### PROBLEM TO WORK ON
Transcribe everything in the records, dropping and changing nothing.

################

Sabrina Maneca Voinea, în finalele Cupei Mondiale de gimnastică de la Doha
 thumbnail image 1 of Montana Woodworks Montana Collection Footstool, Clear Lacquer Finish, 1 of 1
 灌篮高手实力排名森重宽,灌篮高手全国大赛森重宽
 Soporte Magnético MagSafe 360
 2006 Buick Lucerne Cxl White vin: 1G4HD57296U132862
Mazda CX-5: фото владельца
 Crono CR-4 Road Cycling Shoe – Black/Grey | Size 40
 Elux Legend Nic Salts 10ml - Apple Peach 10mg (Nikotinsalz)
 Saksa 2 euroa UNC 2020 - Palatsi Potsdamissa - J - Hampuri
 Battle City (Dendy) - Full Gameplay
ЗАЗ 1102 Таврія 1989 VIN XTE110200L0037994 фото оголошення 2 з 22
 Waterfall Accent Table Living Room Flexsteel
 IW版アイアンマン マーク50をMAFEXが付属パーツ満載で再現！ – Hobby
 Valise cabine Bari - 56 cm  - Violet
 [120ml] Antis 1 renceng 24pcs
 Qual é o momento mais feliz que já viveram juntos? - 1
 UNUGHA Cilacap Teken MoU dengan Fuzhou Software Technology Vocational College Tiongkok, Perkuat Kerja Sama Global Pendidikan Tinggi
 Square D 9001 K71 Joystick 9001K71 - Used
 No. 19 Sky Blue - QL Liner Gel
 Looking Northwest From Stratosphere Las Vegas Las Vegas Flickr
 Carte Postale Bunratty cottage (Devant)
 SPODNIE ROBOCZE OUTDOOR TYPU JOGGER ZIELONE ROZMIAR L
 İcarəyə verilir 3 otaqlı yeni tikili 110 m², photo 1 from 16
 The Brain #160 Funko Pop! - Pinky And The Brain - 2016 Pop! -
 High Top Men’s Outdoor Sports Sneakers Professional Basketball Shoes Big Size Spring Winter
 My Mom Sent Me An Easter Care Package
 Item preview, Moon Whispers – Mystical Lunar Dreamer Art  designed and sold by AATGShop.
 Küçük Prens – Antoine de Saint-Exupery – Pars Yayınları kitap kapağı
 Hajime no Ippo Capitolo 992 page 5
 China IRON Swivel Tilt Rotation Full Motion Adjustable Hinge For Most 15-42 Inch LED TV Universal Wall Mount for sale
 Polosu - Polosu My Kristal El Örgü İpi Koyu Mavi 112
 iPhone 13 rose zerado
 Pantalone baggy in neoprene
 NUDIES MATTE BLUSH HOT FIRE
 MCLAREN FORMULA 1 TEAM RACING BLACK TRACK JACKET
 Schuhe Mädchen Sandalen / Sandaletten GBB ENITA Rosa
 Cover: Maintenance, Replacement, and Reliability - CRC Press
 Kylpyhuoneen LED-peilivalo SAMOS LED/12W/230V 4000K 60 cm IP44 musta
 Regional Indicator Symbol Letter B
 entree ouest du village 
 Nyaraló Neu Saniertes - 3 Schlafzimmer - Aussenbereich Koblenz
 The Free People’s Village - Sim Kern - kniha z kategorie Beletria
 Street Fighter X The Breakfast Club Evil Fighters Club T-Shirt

################

### FINAL ANSWER
Sabrina Maneca Voinea, în finalele Cupei Mondiale de gimnastică de la Doha
 thumbnail image 1 of Montana Woodworks Montana Collection Footstool, Clear Lacquer Finish, 1 of 1
 灌篮高手实力排名森重宽,灌篮高手全国大赛森重宽
 Soporte Magnético MagSafe 360
 2006 Buick Lucerne Cxl White vin: 1G4HD57296U132862
Mazda CX-5: фото владельца
 Crono CR-4 Road Cycling Shoe – Black/Grey | Size 40
 Elux Legend Nic Salts 10ml - Apple Peach 10mg (Nikotinsalz)
 Saksa 2 euroa UNC 2020 - Palatsi Potsdamissa - J - Hampuri
 Battle City (Dendy) - Full Gameplay
ЗАЗ 1102 Таврія 1989 VIN XTE110200L0037994 фото оголошення 2 з 22
 Waterfall Accent Table Living Room Flexsteel
 IW版アイアンマン マーク50をMAFEXが付属パーツ満載で再現！ – Hobby
 Valise cabine Bari - 56 cm  - Violet
 [120ml] Antis 1 renceng 24pcs
 Qual é o momento mais feliz que já viveram juntos? - 1
 UNUGHA Cilacap Teken MoU dengan Fuzhou Software Technology Vocational College Tiongkok, Perkuat Kerja Sama Global Pendidikan Tinggi
 Square D 9001 K71 Joystick 9001K71 - Used
 No. 19 Sky Blue - QL Liner Gel
 Looking Northwest From Stratosphere Las Vegas Las Vegas Flickr
 Carte Postale Bunratty cottage (Devant)
 SPODNIE ROBOCZE OUTDOOR TYPU JOGGER ZIELONE ROZMIAR L
 İcarəyə verilir 3 otaqlı yeni tikili 110 m², photo 1 from 16
 The Brain #160 Funko Pop! - Pinky And The Brain - 2016 Pop! -
 High Top Men’s Outdoor Sports Sneakers Professional Basketball Shoes Big Size Spring Winter
 My Mom Sent Me An Easter Care Package
 Item preview, Moon Whispers – Mystical Lunar Dreamer Art  designed and sold by AATGShop.
 Küçük Prens – Antoine de Saint-Exupery – Pars Yayınları kitap kapağı
 Hajime no Ippo Capitolo 992 page 5
 China IRON Swivel Tilt Rotation Full Motion Adjustable Hinge For Most 15-42 Inch LED TV Universal Wall Mount for sale
 Polosu - Polosu My Kristal El Örgü İpi Koyu Mavi 112
 iPhone 13 rose zerado
 Pantalone baggy in neoprene
 NUDIES MATTE BLUSH HOT FIRE
 MCLAREN FORMULA 1 TEAM RACING BLACK TRACK JACKET
 Schuhe Mädchen Sandalen / Sandaletten GBB ENITA Rosa
 Cover: Maintenance, Replacement, and Reliability - CRC Press
 Kylpyhuoneen LED-peilivalo SAMOS LED/12W/230V 4000K 60 cm IP44 musta
 Regional Indicator Symbol Letter B
 entree ouest du village 
 Nyaraló Neu Saniertes - 3 Schlafzimmer - Aussenbereich Koblenz
 The Free People’s Village - Sim Kern - kniha z kategorie Beletria
 Street Fighter X The Breakfast Club Evil Fighters Club T-Shirt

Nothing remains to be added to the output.